Relative frequency of words from multiple text files

Hi guys, I hope you can help me with my problem:

We have multiple text files with german text inside, what we need is the relative frequency of certain words in the text e.g the relative frequency of an STTS-class like CARD or VV-IMP etc and we want the result (the rel. frequency of the text or the texts ) to be shown in one single row. 

We tested around with the different knime moduls and filters but so far the results are not satisfying (screenshot 1). 

 

Maybe another example to describe our goal: 

Beispiel: Upload 6 files; process it; the result is a table in which the relative frequency of words from one or several STTS-Classes is shown for each file. For each file, all the chosen tag-classes should be listed in one row  

 

So if someone knows what we are doing wrong, respectively doing right or what we have to insert/change in order to get the result we need, I/we would be really happy!

 

so thanks in advance :)

 

 

Hello Knimero11,

A combination of Loops and the GroupBy node should do the job. With loops you can execute one file at the time, calc the statistics, then put them into one file. The GroupBy allows you to pack all results of a file into one row.

Best,
Ferry

Hi ferry,

first of all, thanks for your response! 

Could you maybe explain me in detail which Loop- groupBy combination I should use ? Since there are quite a lot of loops and I still haven't bring it to work. I'm testing around with the different nodes for quite some time now, but there is still not the solution in view. Sry, maybe the solution is very easy but at the moment there is no signt to solve it by myself any time soon. 
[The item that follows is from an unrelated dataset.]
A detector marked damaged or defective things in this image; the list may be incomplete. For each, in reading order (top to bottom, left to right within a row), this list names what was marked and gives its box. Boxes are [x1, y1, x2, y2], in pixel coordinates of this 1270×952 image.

Thanks again for your help,

greetings

Hi Knimero,

this depends on the structure of your txt files. If you have simple txt files (not csv formatted) containing text the Flat File Document Parser is the node to start with. This node reads all files in the specified dir. The file name is set as meta information which can be extracted later on.

Next use the Stanford Tagger, STTS Filter, Bag of Words, TF (absolute), Tags to String (extract tags), GroupBy (Tags & Document) (resulting in one row per tag and doc.) (as aggregation sum over abs TF). Remember, each file is one document.
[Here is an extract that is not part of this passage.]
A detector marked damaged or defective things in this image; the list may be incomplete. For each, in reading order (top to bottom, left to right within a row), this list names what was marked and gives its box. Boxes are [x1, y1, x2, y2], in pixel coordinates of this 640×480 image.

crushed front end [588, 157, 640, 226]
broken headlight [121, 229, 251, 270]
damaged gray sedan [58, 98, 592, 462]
In a parallel branch GroupBy by documents, sum over TF abs. Join sum (total TF abs) to other table (by document). Use Math Formula to divide first sum by total TF abs to get TF rel of specific tag.

Finally use Pivoting node, group by document (which is file), use tag strings as pivots.

I hope this helps.

Cheers, Kilian

Hi Kilian,

could you send a workflow example/screenshot please?

Thanks, Manuela